■ Task requirements: Copy nothing but the lines from the one containing "AC Goianiense Vs Londrina EC screenshot" through the last line of the records, repeated exactly and without pictures.

---------- Records for the task

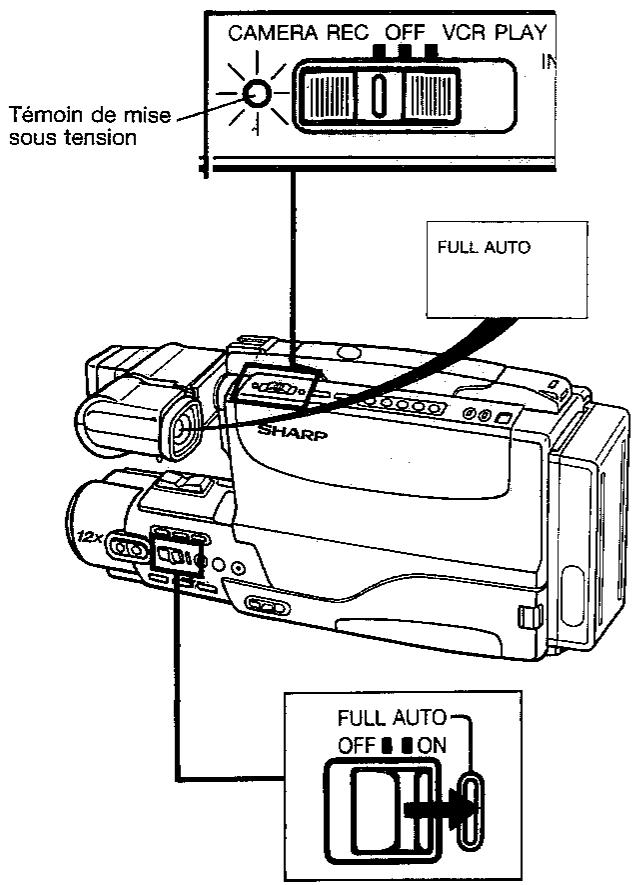 SHARP VL-SX80 - Prise de vues automatique - 8
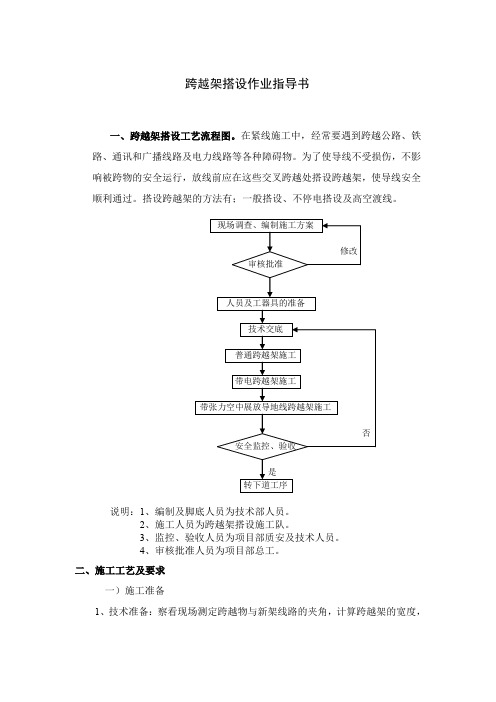 跨越架搭设作业指导书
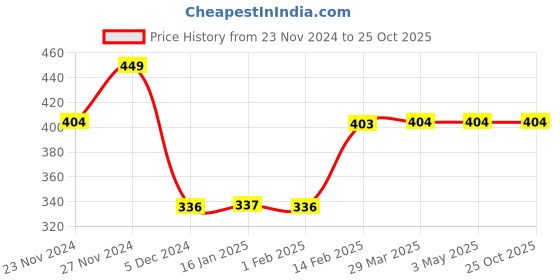 tatacliq.com Fame Forever by Lifestyle Kids Multicolor Cotton Cotton T-Shirt fame forever by lifestyle Price History Graph from 23 Nov 2024 to 25 Oct 2025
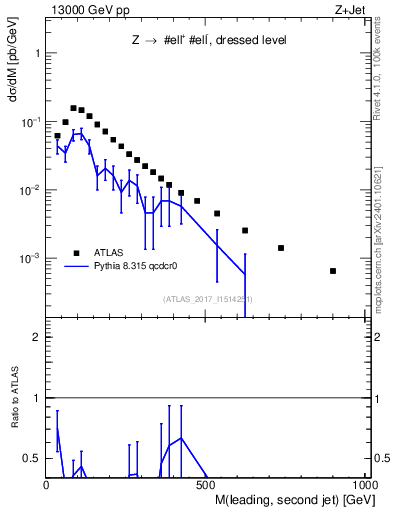 Plot of jj.m in 13000 GeV pp collisions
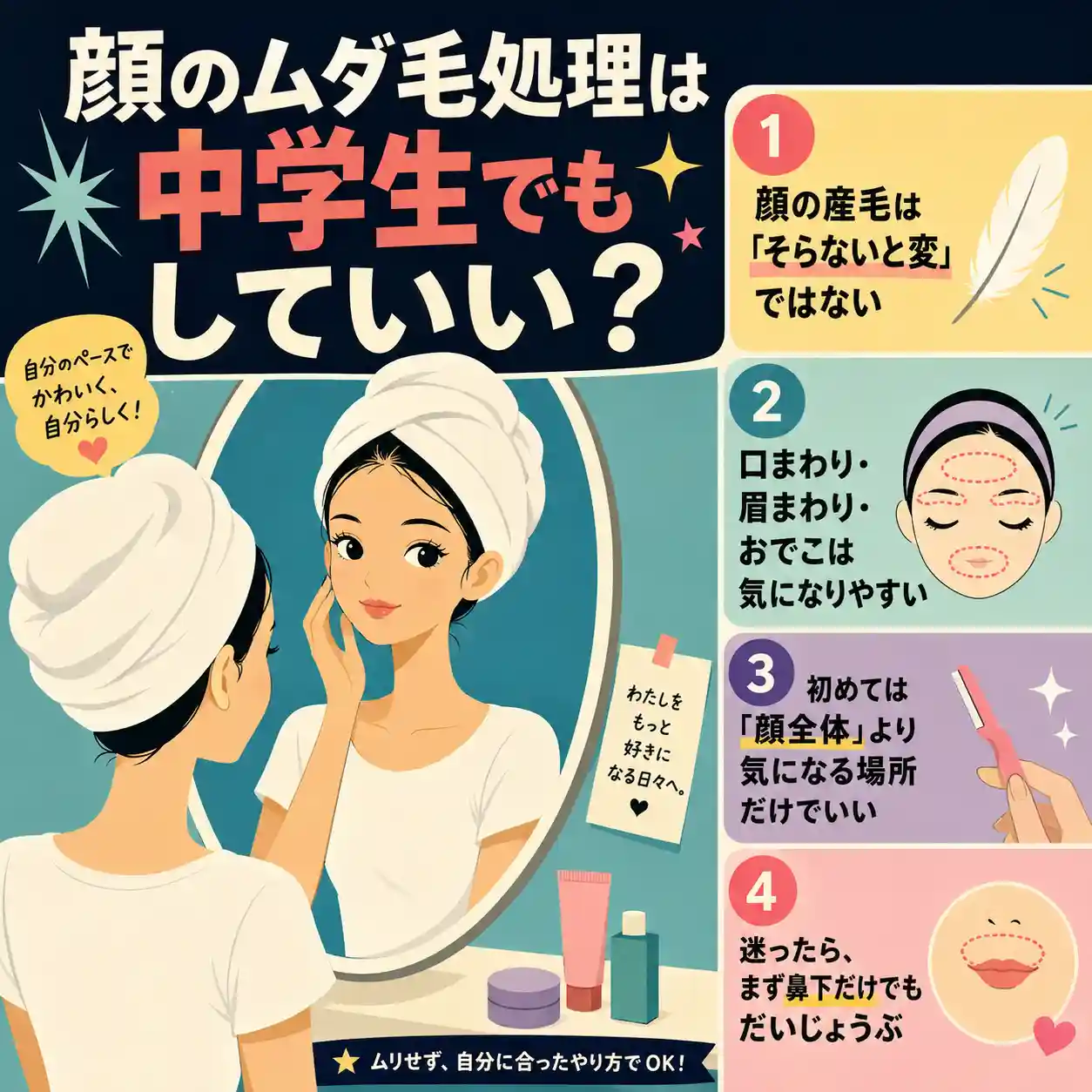 中学生の顔のムダ毛処理を解説するインフォグラフィック。タオルを巻いて鏡を見る女子とともに、顔の産毛は無理にそらなくてよいこと、気になりやすい部位、初めては顔全体より気になる場所だけでよいこと、迷ったら鼻下だけでもよいことを4点で紹介している。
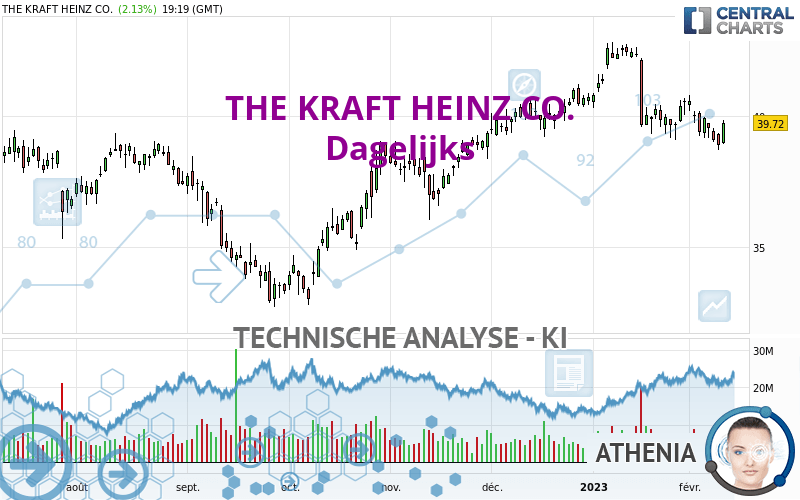 THE KRAFT HEINZ CO. - Dagelijks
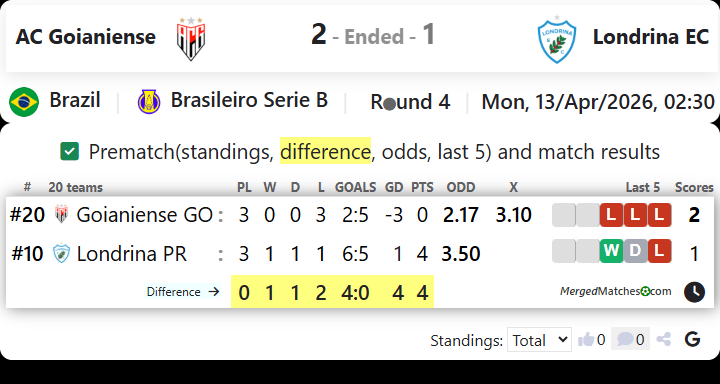 AC Goianiense Vs Londrina EC screenshot
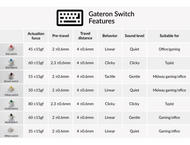 Джаджи Keychron Gateron Blue Switch Set 35 броя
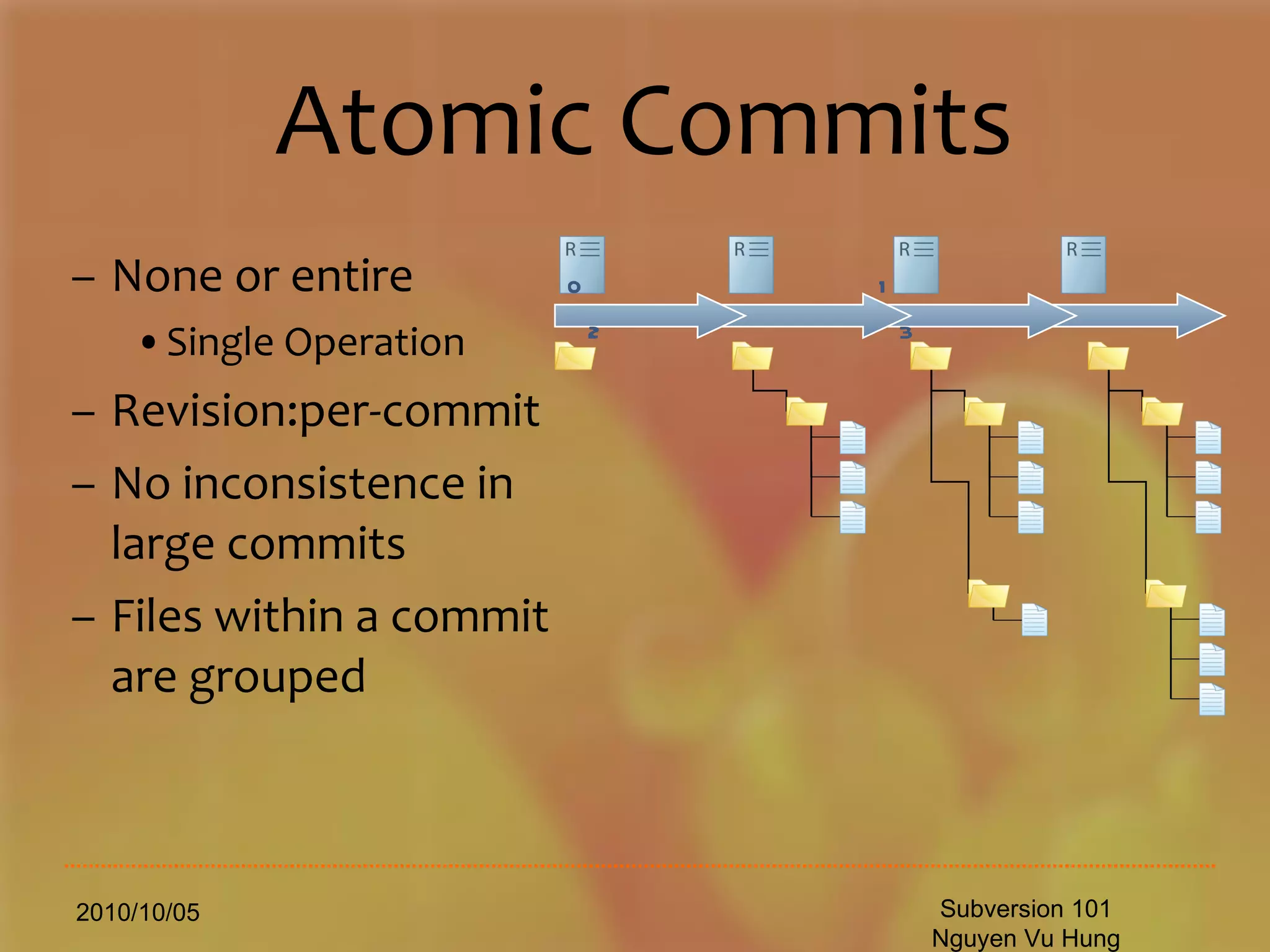Atomic Commits None or entire Single Operation Revision:per-commit No inconsistence in large commits Files within a commit are grouped 2010/10/05 Subversion 101 Nguyen Vu Hung 0  1  2  3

--------------------

■ Solution for this problem:
 AC Goianiense Vs Londrina EC screenshot
 Джаджи Keychron Gateron Blue Switch Set 35 броя
Atomic Commits None or entire Single Operation Revision:per-commit No inconsistence in large commits Files within a commit are grouped 2010/10/05 Subversion 101 Nguyen Vu Hung 0  1  2  3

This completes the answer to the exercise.